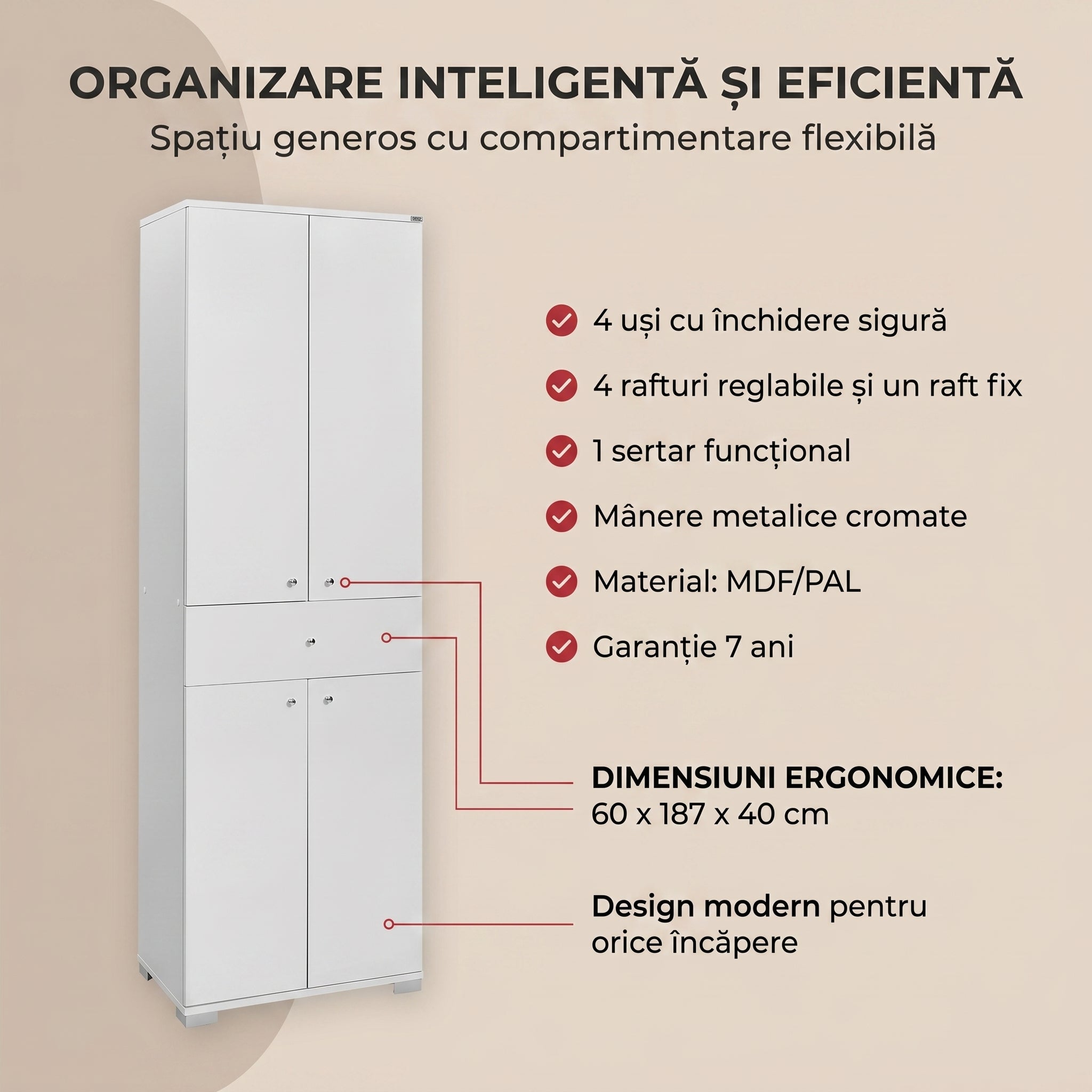 Dulap Adore Diamond, Multifunctional, 4 usi, 4 rafturi, 1 sertar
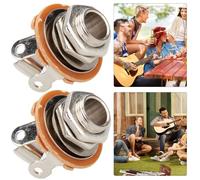 Fiorky 2-Pack 6.35mm Mono entrée Jack Nickel 1/4 pouces guitare Mono Jack prise guitare pièces accessoires pour guitare électrique basse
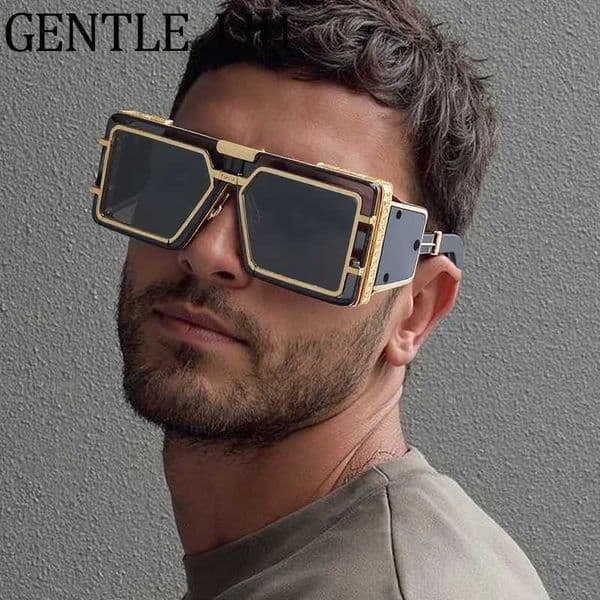 Steampunk Oversized Rectangle Sunglasses Men 2025 Luxury Brand Retro Metal Frame Goggles For Male Stylish Outdoor Diving Eyewear Z260429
• • •
#### [WORK TASK]
All of the data above should be transcribed verbatim, with pictures omitted.

#### [SOLVED PROBLEM]
 Dulap Adore Diamond, Multifunctional, 4 usi, 4 rafturi, 1 sertar
 Fiorky 2-Pack 6.35mm Mono entrée Jack Nickel 1/4 pouces guitare Mono Jack prise guitare pièces accessoires pour guitare électrique basse
 Steampunk Oversized Rectangle Sunglasses Men 2025 Luxury Brand Retro Metal Frame Goggles For Male Stylish Outdoor Diving Eyewear Z260429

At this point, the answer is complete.